### [Extracted material]
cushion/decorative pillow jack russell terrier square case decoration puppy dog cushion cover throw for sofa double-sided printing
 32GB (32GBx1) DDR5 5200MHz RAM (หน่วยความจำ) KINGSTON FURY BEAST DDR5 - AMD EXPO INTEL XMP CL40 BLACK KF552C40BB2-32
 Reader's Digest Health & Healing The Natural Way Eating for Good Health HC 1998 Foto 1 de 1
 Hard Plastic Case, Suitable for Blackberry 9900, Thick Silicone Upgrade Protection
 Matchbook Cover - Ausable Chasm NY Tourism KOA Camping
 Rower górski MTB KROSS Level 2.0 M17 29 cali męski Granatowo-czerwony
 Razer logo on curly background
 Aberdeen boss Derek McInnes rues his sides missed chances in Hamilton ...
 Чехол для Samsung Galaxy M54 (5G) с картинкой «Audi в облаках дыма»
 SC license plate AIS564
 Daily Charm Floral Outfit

### [Problem]
The listing above is to be copied exactly, in full.

### [Solution for this task]
cushion/decorative pillow jack russell terrier square case decoration puppy dog cushion cover throw for sofa double-sided printing
 32GB (32GBx1) DDR5 5200MHz RAM (หน่วยความจำ) KINGSTON FURY BEAST DDR5 - AMD EXPO INTEL XMP CL40 BLACK KF552C40BB2-32
 Reader's Digest Health & Healing The Natural Way Eating for Good Health HC 1998 Foto 1 de 1
 Hard Plastic Case, Suitable for Blackberry 9900, Thick Silicone Upgrade Protection
 Matchbook Cover - Ausable Chasm NY Tourism KOA Camping
 Rower górski MTB KROSS Level 2.0 M17 29 cali męski Granatowo-czerwony
 Razer logo on curly background
 Aberdeen boss Derek McInnes rues his sides missed chances in Hamilton ...
 Чехол для Samsung Galaxy M54 (5G) с картинкой «Audi в облаках дыма»
 SC license plate AIS564
 Daily Charm Floral Outfit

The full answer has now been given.